First Lady Monica Geingos has recently raised concerns regarding gender parity in Namibia in the areas of economic activities, especially in the private sector.

“Private sector often says that government doesn’t do well in XYZ. If there is an area where the government outperforms the private sector, it is in the representation of women in high level positions,” she said.

Geongos raised this issue during the launch of the Organisation of African First Ladies for Development (OAFLAD) “We Are Equal” campaign, in Windhoek on Wednesday.

The campaign is aimed at fostering equality and inclusion in Namibia, with a vision to create a society where every individual is respected and given equal opportunities and challenges social prejudices while promoting positive change.

She said Namibia needs to improve in economic activities by employing more women and making sure that there’s no pay discrimination between men and women, adding that there should be more women in the workforce.

Geingos highlighted that Namibia is at 44.3 % parity in political empowerment. “Looking at parliamentarians, this is an area where all political parties must be better in,” she expressed.

Moreover, the First Lady said Namibia needs to improve in the labour market, political empowerment, stating that come 2024 economic opportunities need to be better.

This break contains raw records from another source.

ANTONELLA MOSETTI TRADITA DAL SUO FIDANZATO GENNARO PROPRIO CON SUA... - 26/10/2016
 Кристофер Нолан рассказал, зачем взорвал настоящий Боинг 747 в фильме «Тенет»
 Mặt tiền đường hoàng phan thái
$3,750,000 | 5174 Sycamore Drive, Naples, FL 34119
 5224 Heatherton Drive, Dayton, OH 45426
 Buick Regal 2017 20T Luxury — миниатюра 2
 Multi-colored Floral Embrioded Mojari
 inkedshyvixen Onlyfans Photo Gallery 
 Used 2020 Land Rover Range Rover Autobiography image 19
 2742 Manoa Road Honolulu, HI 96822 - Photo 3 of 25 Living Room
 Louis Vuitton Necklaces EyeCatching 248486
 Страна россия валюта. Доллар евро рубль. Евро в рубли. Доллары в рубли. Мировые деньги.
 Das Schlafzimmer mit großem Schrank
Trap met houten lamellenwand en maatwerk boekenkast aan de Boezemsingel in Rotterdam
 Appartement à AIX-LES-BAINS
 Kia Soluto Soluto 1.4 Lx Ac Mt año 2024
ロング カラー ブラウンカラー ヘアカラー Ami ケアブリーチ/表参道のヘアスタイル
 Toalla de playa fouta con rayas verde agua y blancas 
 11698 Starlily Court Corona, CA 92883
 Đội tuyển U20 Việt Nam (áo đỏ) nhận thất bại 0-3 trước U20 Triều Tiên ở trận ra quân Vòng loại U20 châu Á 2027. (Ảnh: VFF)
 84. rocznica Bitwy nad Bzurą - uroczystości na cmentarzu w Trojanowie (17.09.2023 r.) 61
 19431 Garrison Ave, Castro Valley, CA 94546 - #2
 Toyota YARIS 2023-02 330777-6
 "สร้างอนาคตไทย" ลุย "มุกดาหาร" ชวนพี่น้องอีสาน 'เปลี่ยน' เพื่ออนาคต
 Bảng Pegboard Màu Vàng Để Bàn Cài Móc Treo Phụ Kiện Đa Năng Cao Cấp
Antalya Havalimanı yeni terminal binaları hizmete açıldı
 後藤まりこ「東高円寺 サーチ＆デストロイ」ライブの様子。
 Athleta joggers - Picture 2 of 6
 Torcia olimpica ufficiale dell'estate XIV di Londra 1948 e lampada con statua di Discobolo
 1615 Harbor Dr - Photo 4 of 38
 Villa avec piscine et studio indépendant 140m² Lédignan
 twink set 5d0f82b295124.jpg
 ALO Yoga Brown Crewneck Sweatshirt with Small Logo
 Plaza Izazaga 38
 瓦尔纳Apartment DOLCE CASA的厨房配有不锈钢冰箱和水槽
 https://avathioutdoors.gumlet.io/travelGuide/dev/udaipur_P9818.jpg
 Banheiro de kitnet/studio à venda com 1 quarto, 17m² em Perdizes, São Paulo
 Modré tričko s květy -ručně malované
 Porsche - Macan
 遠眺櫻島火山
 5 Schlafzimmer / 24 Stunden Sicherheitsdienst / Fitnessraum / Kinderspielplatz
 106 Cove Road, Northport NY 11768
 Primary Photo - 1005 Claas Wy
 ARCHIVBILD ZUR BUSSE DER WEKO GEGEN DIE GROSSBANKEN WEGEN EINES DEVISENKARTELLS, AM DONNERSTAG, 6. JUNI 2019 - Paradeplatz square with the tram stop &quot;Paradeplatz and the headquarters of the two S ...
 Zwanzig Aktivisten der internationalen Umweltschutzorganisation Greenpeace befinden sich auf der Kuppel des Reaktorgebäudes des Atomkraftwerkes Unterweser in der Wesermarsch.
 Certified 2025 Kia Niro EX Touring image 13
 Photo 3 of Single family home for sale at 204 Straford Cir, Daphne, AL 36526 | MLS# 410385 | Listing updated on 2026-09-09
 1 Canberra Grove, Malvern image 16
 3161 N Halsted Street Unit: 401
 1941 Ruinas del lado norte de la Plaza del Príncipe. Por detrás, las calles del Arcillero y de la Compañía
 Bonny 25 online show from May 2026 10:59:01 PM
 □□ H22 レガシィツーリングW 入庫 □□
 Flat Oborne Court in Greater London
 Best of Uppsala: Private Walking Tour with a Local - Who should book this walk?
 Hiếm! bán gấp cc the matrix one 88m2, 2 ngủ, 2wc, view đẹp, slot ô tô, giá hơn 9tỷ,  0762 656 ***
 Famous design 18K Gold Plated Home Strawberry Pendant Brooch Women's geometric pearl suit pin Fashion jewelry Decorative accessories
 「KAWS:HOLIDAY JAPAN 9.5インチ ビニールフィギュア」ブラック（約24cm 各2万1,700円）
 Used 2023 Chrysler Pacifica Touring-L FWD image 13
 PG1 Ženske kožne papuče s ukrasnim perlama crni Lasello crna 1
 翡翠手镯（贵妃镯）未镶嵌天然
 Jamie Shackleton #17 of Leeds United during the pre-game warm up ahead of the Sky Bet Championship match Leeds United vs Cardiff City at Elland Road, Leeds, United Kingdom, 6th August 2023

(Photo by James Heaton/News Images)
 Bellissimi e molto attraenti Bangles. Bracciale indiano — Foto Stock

According to her, there are so many women graduating out of universities but statistics have indicated that they are not getting into the workforce and when they do they are not being promoted.

Meanwhile, Vice President, Nangolo Mbumba, said women and men equally possess the same inherent dignity, deserve the same rights and have the same potential to contribute to society regardless of their gender.

“Despite the fundamental issue of equality, the reality faced by many girls and women across Africa tells a different story and Namibia is no exception”

“According to the gender gap index, no country has achieved full gender parity yet. Women and girls experience inequality in health care, education, agriculture, economic opportunities, income, politics and many others, which have a negative bearing on our country’s socio-economic development,” he pointed out.

He further said, “We want to develop but we want to leave some people behind. That is not possible.”

Namibia recently ranked the most gender equal country in Africa and the eight most gender equal country in the world as of June 2023.

Geingos, being the president of OAFLAD, stated that the launch in Namibia will be the first while launches in partnering African countries will follow.

The campaign seeks to address various forms of discrimination, including gender inequality in economic empowerment, GBV, health and education in Namibia.

The campaign further aims to build a more inclusive Namibian society by raising awareness and promoting dialogue with community leaders, activists and implementing partnerships and advocating for policy changes.